▶ **Problem details**
Retype the records word for word. Skip every image.
Excerpted records Block Start
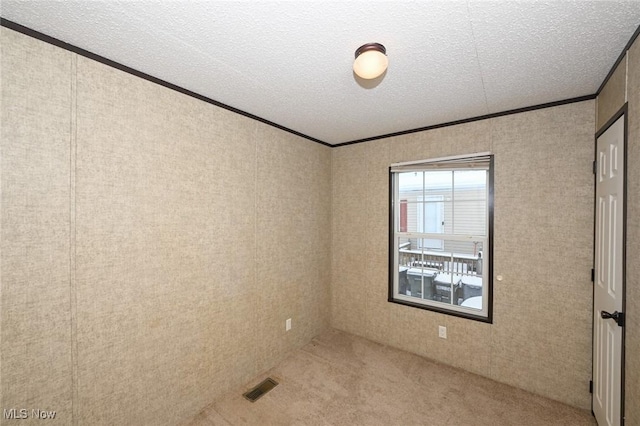 empty room with a textured ceiling and crown molding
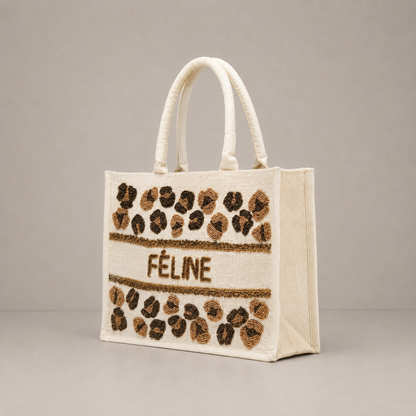 Le sac cabas "Féline" toile de jute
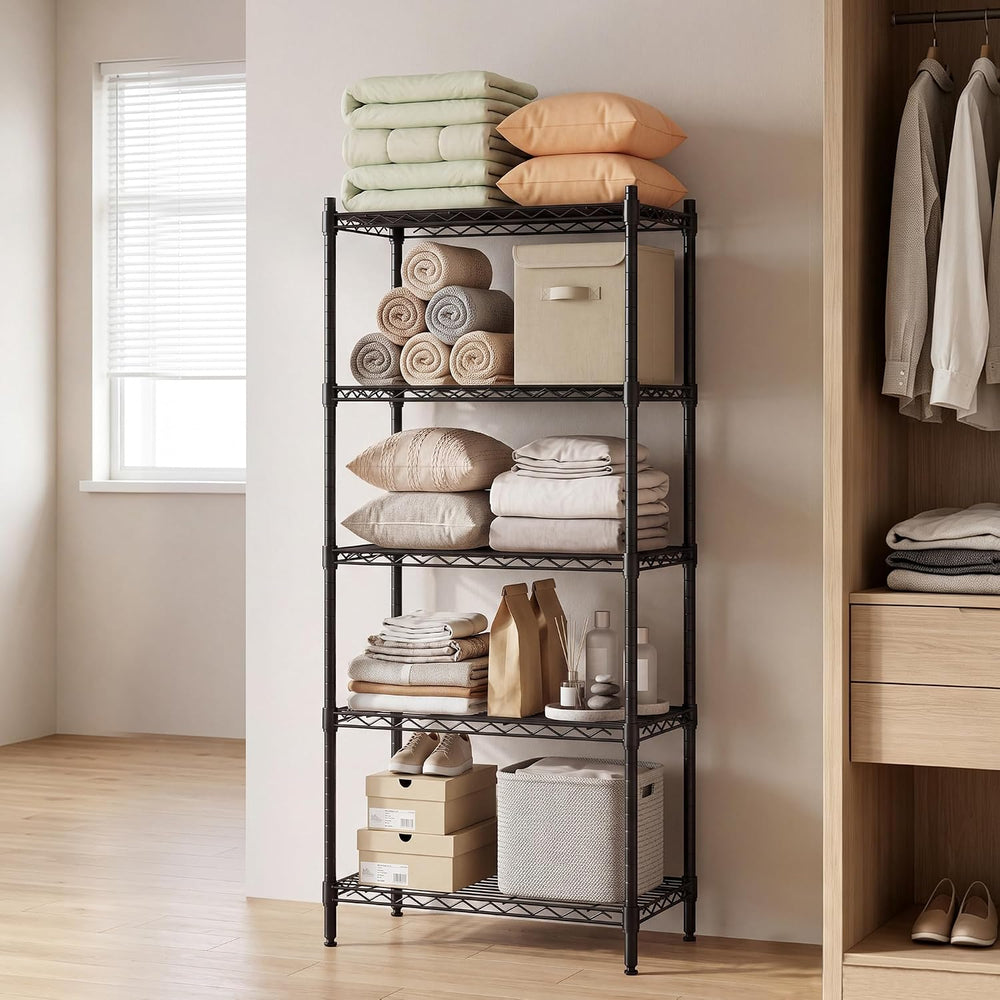 5-Tier Heavy Duty Wire Shelving Unit, 1250LBS Metal Rack, Black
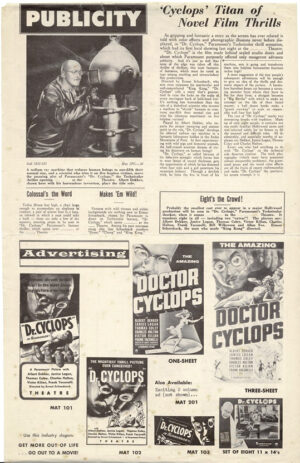 Dr. Cyclops Us Press Sheet (2)
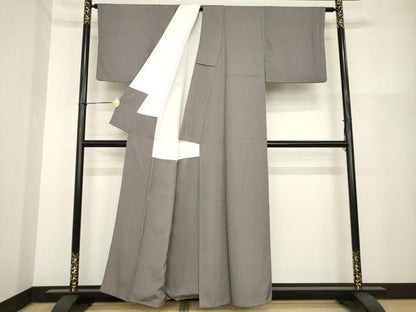 平和屋着物●江戸小紋　万筋　黒紅色×白茶色　正絹　逸品　AABH2609ck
Excerpted records Block End
▶ **Task solution**
 empty room with a textured ceiling and crown molding
 Le sac cabas "Féline" toile de jute
 5-Tier Heavy Duty Wire Shelving Unit, 1250LBS Metal Rack, Black
 Dr. Cyclops Us Press Sheet (2)
 平和屋着物●江戸小紋　万筋　黒紅色×白茶色　正絹　逸品　AABH2609ck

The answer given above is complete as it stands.